Midnight Sun

Monday 21st June 2005

We were up and off again by 7am, the taxi passed an enormous paper factory and through its unpleasant smell. We found an internet terminal we could use in the planning room at the eerily empty Sundsvall airport. The high pressure was in its death throes and warm and cold fronts were near the west coast of Norway. There was a window of opportunity for us to make the dash up north before we would be kept at bay for at least a couple of days. We took off and pressed North.

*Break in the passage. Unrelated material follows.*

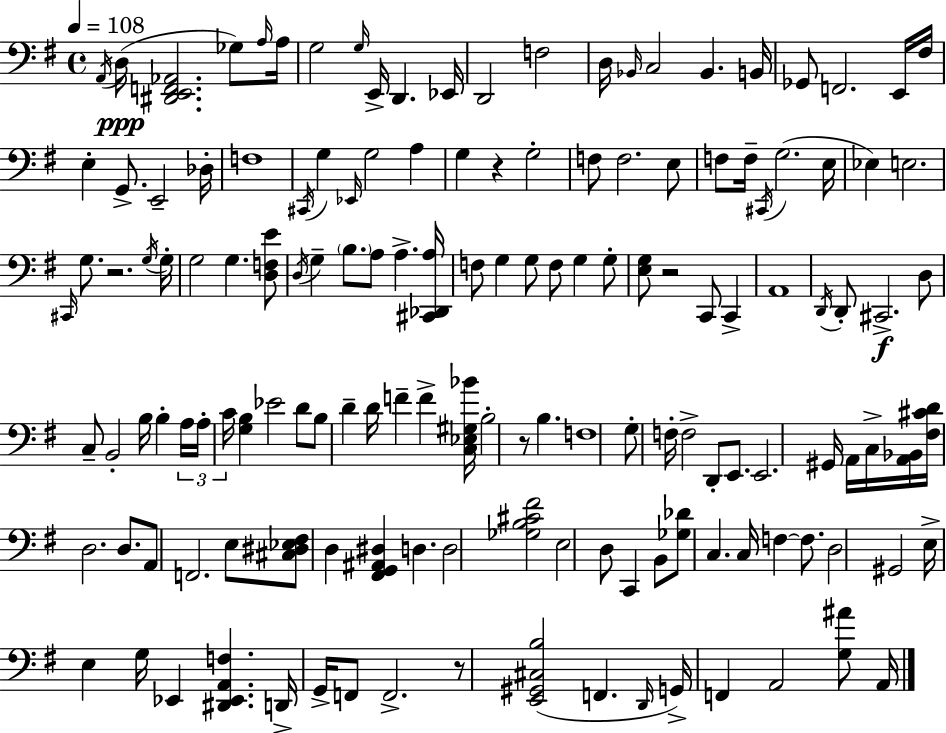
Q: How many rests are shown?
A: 5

The scenery had not changed considerably, the bright greens were less obvious, but the pines were still abundant. The terrain rose in fits and starts and after a couple of hours the hills below us were up to two thousand feet. Our route had been chosen to join the dots of any usable airfields on the way up: Kramfors, Lycksele, Arvidsjaur, Jokkmokk and Gallivare. The idea being that we would only ever be a short flight from a diversion point if things went pear-shaped. At Jokkmokk we allowed ourselves a little cheer and a very British handshake, we were in the Arctic! The ground seemed to know this and soon after the scenery and the weather began to change more noticeably. Signs of civilisation became rare, the odd isolated house in miles of wild hills. Visibility began to deteriorate and the cloud base forced us down: six, then five and finally three thousand feet. We got constant weather updates for our destination, Kiruna, from the controllers - they didn't seem too busy in this part of the world, in fact we went hours without seeing another aircraft. The forecasts remained just good enough for us to continue.
Half an hour from our destination we noticed the big snow covered mountains to the north and west going up to seven thousand feet. An approach to Kiruna from the west would have been inadvisable in the conditions we found ourselves.
It began to rain, a warning that perhaps the front was arriving ahead of schedule.
We landed at Kiruna just ahead of a big military transport plane that appeared on the scene from nowhere. We climbed out with big smiles and took some photos. We were in north Sweden, better than that we were in Lappland and to cap them both we were in the Arctic.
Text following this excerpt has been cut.